» **Exercise data**:
__________

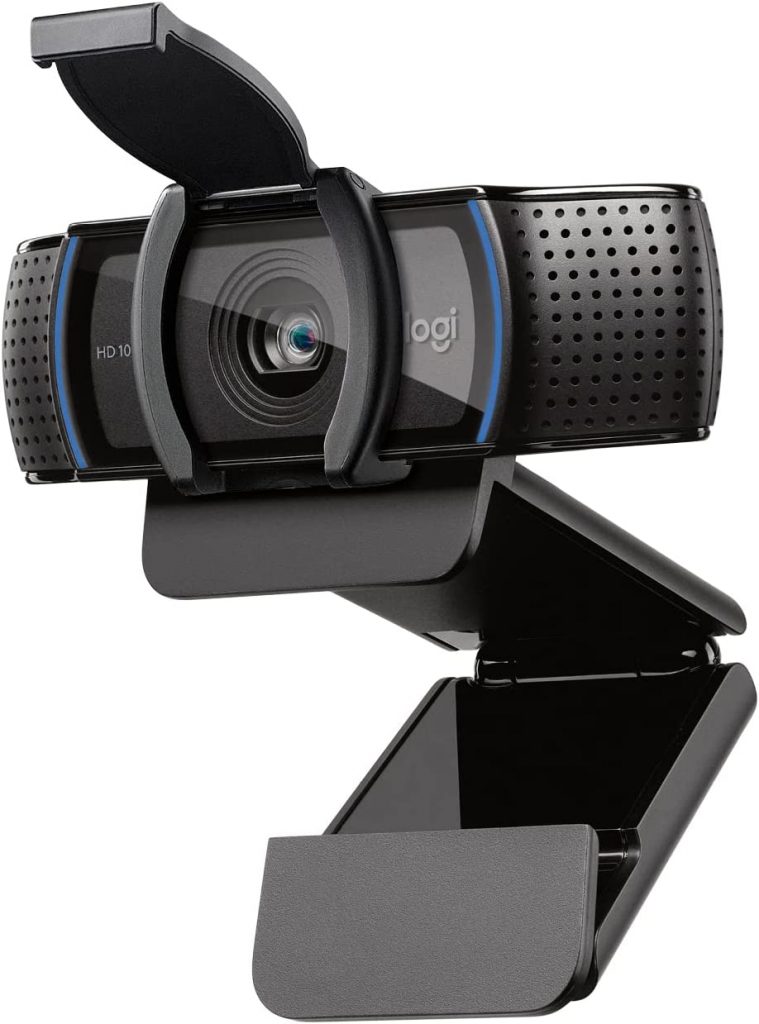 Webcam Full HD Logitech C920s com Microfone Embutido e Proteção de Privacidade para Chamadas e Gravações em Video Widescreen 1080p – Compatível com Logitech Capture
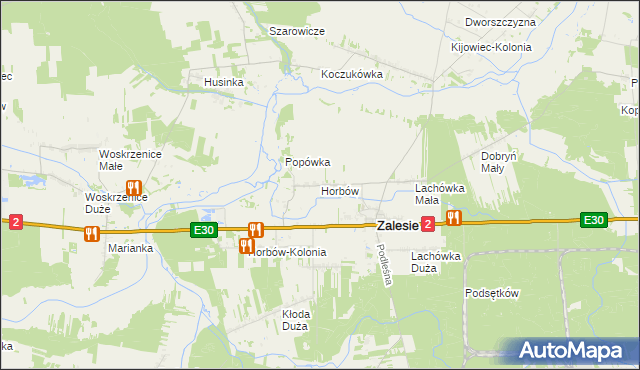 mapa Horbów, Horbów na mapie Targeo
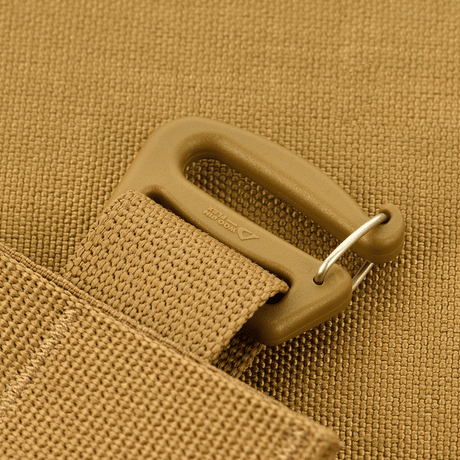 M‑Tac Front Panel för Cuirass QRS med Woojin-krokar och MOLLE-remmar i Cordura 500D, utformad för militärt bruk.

__________

» **What the exercise asks**: Print the listing verbatim, images excluded.

» **Written response**:
 Webcam Full HD Logitech C920s com Microfone Embutido e Proteção de Privacidade para Chamadas e Gravações em Video Widescreen 1080p – Compatível com Logitech Capture
 mapa Horbów, Horbów na mapie Targeo
 M‑Tac Front Panel för Cuirass QRS med Woojin-krokar och MOLLE-remmar i Cordura 500D, utformad för militärt bruk.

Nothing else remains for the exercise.